Showing posts with label Slashed Tires. Show all posts
Showing posts with label Slashed Tires. Show all posts

Monday, May 11, 2009

Racy Recession Realty



My roommate and I have been apartment hunting ever since someone slashed my tires in Park Slope. After five years in the Slope, I can no longer stand entitled parents and co-op fights.

My radically progressive agnostic mother is from Ukraine, so I felt at home in Greenpoint. But my dad's New York Jew culture drew me back to Brighton Beach.

In need of professional help, I stumbled into a real estate agency and let a male broker show me around, since it was free. Boris was tall, brooding and Polish, looking like he could beat me if he wanted, though he was probably more of a lover. We chatted about his job and why he moved from Poland.

We started talking about heritage, I blabbed to Boris my mother was from Eastern Europe, I felt comfortable in Greenpoint, my old best friend, who was Polish and lived there had moved to Brazil to marry her boyfriend.
“Why all good Eastern Europe women want foreigner?” Boris asked.
“My mother told me to never date a Slavic man. She said they are alcoholics who beat their wives,” I teased.
“Alisa, look at me, do I look like?

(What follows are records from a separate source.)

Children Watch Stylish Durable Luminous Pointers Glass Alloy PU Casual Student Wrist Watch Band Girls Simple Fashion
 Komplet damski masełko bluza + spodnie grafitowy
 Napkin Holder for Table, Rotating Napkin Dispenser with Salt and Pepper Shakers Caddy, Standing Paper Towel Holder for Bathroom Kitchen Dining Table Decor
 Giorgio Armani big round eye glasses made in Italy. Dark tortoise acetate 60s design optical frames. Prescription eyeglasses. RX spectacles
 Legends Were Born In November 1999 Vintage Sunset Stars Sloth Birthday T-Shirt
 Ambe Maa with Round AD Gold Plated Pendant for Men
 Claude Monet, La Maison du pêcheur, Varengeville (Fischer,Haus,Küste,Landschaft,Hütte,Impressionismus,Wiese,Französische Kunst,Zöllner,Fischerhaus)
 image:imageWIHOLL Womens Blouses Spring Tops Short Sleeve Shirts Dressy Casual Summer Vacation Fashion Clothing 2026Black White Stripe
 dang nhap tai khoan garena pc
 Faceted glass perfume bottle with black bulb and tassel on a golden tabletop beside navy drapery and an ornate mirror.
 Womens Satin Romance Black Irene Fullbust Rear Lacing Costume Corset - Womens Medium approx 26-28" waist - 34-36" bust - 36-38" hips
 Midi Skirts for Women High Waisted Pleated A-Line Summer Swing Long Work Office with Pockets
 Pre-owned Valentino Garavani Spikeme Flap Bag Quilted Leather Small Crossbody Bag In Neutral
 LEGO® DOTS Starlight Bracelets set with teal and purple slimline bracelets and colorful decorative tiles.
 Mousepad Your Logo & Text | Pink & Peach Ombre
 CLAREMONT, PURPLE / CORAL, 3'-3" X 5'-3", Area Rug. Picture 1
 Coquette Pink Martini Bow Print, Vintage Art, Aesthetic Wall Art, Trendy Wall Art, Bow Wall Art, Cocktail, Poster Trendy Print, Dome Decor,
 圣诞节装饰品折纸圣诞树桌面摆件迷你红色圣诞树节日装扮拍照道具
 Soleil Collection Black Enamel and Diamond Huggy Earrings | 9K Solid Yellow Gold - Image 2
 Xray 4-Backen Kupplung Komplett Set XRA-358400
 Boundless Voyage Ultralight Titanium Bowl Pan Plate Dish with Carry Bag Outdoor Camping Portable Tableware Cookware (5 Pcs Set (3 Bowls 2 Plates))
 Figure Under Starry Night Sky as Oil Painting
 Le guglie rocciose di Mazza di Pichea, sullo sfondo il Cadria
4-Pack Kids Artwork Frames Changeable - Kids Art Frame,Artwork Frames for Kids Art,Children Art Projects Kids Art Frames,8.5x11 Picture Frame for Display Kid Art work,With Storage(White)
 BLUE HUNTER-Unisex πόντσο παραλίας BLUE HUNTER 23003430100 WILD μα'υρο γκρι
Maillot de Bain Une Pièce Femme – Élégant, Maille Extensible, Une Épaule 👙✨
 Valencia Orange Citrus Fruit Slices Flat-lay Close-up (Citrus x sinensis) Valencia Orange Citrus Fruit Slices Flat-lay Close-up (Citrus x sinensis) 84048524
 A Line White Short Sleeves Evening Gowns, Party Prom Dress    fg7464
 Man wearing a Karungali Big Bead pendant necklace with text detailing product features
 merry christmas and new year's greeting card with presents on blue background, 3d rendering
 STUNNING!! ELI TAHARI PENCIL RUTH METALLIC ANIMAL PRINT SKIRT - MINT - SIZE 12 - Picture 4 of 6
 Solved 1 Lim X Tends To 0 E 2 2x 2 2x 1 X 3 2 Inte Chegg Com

Maybe you should try and then tell me,” he winked.
“Would you date a Jewish girl?” I countered.
“No too different,” he replied.
I was so ashamed, I played the Catholic card, talking about the church I went to as a child for Easter.
“How do you pray?” he asked me, “right or left?”
I tried to remember, but my mother had refused to teach me.

Boris lectured me about two types of Catholics. I knew he was trying me on. We'd shared a weird sexual tension in one apartment. He was my type: handsome and foreign.
He teased me about dating an Orthodox guy, I told him the outcome, the Yids refusal to marry me.
“Poland is best!” he proclaimed.
“I'd like to visit, but is it okay I'm half-Jewish?”
“You are not Jew, that is all,” he said, assuring me I had a chance at his heart.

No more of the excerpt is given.